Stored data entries
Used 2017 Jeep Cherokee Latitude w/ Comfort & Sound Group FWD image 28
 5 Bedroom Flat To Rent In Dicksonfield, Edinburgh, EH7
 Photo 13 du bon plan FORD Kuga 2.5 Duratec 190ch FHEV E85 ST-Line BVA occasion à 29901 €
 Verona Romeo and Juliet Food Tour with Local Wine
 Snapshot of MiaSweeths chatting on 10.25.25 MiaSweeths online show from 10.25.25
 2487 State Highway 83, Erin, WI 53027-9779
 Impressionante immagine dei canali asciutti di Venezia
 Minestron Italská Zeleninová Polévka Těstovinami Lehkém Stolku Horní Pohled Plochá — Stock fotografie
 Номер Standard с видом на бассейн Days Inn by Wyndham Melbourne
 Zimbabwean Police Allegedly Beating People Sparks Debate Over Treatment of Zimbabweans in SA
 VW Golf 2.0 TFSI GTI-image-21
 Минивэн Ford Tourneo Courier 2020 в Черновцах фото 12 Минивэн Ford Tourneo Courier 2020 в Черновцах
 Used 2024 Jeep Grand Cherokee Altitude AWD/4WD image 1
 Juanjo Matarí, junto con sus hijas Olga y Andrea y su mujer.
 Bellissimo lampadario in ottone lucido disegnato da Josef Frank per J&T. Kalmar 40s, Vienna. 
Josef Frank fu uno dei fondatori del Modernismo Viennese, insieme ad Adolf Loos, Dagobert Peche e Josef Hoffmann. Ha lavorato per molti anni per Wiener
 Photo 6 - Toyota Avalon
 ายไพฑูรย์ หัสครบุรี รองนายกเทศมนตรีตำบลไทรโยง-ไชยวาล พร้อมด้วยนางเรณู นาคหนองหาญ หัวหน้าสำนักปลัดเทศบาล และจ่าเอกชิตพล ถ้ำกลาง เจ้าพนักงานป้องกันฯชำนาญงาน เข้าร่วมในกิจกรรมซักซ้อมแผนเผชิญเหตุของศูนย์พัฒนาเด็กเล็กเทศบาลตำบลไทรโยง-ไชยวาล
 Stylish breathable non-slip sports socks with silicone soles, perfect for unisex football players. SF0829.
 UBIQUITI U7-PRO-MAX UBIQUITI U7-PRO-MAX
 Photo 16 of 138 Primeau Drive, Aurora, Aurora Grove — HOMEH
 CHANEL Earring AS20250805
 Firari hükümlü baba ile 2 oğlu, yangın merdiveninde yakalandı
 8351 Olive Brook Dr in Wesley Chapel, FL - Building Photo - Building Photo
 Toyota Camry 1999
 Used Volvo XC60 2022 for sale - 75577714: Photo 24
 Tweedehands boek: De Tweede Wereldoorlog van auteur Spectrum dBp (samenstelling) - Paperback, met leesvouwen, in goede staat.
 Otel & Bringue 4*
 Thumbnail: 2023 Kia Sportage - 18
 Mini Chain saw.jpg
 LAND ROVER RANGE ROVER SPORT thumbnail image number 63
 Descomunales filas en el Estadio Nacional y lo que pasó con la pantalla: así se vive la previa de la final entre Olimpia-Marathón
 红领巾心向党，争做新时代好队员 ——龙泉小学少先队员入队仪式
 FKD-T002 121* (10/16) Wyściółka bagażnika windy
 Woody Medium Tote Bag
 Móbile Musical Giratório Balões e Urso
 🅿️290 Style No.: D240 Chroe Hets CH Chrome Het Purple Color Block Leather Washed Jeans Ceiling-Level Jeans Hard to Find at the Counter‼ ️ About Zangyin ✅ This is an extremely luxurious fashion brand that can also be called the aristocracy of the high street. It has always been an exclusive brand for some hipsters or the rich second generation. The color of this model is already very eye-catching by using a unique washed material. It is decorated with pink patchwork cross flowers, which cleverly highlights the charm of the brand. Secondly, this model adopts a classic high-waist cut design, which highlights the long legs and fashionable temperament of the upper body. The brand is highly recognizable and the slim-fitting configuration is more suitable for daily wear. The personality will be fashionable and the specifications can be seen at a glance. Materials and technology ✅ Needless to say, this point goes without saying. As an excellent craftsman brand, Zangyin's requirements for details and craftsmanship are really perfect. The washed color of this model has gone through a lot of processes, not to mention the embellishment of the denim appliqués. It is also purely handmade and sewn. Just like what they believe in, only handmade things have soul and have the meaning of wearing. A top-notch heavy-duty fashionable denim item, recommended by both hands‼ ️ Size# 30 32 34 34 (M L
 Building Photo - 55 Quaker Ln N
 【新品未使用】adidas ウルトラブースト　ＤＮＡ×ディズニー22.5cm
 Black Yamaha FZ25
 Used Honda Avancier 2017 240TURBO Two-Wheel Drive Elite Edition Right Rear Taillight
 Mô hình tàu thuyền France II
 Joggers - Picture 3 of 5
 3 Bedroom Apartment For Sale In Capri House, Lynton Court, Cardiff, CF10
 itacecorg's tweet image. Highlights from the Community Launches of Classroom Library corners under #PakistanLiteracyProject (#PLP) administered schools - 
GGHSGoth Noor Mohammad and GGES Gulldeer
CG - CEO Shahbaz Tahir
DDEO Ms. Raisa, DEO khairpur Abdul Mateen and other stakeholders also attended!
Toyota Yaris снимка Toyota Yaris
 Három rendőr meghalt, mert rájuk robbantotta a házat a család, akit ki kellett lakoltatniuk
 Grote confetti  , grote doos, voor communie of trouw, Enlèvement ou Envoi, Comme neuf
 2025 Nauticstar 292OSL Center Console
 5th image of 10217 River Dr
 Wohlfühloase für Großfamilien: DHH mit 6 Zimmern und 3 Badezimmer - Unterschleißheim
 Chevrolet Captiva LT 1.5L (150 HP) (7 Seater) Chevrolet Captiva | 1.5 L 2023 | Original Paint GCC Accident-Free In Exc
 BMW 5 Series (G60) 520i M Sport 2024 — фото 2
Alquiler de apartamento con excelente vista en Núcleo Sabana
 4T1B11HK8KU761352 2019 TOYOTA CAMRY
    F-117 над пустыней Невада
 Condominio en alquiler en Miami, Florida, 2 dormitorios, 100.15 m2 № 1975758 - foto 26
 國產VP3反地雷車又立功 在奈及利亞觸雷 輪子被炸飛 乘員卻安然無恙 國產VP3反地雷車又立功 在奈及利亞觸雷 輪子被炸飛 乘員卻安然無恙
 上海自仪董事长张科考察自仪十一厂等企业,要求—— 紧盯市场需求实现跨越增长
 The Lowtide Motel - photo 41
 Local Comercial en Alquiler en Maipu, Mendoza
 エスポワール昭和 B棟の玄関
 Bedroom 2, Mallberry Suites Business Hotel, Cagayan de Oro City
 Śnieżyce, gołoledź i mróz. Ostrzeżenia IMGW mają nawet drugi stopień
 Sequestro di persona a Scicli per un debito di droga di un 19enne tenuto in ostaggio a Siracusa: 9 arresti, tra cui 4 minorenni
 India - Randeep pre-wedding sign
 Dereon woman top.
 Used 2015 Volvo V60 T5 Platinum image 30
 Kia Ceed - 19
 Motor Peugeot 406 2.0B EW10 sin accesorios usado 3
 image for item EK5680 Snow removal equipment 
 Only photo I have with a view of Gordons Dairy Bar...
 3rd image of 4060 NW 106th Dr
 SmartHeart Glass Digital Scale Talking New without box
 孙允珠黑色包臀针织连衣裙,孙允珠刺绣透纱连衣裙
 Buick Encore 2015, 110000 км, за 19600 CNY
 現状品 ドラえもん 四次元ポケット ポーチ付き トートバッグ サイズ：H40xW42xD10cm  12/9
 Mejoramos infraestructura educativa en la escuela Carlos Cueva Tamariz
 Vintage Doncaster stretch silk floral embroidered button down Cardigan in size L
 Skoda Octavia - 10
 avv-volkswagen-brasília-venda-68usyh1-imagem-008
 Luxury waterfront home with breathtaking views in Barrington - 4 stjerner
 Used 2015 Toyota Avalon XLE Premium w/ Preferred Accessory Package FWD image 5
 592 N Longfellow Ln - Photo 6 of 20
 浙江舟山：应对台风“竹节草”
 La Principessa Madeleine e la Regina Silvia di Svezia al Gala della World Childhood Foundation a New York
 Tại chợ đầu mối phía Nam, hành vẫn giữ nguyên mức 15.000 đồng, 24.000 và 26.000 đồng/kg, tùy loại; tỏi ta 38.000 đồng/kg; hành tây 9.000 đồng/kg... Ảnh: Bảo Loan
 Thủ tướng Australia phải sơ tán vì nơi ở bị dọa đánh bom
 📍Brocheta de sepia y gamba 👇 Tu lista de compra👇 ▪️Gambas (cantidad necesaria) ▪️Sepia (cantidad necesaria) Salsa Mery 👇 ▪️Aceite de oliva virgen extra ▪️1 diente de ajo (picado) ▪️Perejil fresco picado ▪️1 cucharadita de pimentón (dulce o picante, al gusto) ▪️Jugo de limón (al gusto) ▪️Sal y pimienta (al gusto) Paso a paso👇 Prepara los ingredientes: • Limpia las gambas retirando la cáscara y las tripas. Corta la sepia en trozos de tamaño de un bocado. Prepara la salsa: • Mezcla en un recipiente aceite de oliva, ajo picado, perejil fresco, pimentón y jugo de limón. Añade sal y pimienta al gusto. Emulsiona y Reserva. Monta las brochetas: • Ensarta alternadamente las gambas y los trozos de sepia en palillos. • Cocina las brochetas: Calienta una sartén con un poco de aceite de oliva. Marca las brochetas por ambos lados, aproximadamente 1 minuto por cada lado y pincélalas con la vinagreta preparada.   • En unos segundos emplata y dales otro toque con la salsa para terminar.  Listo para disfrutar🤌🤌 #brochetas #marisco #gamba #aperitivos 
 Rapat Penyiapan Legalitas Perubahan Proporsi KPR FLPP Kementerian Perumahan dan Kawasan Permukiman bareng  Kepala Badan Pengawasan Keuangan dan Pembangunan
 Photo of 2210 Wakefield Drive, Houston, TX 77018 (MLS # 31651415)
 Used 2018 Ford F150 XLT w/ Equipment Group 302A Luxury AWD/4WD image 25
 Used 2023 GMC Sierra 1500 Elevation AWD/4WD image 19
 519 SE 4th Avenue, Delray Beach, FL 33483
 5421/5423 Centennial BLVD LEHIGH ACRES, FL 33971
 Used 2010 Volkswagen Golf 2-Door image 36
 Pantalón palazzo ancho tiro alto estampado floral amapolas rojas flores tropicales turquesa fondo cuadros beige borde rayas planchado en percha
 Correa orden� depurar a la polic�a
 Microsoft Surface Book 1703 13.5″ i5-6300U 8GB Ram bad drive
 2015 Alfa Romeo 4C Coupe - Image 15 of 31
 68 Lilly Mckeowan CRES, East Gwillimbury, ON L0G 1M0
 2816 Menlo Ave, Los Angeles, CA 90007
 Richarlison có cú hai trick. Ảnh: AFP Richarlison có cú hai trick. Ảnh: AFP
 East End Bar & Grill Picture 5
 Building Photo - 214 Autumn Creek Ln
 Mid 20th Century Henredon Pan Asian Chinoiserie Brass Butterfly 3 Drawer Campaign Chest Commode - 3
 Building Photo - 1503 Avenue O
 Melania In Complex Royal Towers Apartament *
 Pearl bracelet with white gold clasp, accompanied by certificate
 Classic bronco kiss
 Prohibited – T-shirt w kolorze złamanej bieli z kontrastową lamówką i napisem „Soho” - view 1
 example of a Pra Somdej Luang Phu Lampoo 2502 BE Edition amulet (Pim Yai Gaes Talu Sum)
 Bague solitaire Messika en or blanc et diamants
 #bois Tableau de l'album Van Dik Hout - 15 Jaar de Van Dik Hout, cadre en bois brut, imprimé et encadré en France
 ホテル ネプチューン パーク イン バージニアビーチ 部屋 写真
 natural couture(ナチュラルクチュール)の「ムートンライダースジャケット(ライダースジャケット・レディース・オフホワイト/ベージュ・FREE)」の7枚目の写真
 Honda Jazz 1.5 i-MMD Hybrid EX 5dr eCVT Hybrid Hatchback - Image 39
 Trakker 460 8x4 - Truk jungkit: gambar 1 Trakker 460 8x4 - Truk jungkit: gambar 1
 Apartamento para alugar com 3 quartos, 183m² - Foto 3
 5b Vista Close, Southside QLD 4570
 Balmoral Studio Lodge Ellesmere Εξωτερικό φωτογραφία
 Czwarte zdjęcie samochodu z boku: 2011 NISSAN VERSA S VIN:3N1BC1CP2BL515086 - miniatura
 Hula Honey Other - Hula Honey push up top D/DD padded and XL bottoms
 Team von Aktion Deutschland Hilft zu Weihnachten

* Problem to work on: The answer must be one number, the count of lines above that hold the word "without".

* Exercise output: 2